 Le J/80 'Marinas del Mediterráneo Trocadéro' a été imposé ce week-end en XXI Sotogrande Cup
---
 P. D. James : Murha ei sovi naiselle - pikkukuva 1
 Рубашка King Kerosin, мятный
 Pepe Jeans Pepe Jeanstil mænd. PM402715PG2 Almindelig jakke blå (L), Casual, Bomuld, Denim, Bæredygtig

_DIRECTIONS FOR THIS TASK_
Could you restate word for word the lines above, from the one that contains "Рубашка King Kerosin, мятный" through the one that contains "Pepe Jeans Pepe", and no others?

_EXERCISE SOLUTION_
 Рубашка King Kerosin, мятный
 Pepe Jeans Pepe Jeanstil mænd. PM402715PG2 Almindelig jakke blå (L), Casual, Bomuld, Denim, Bæredygtig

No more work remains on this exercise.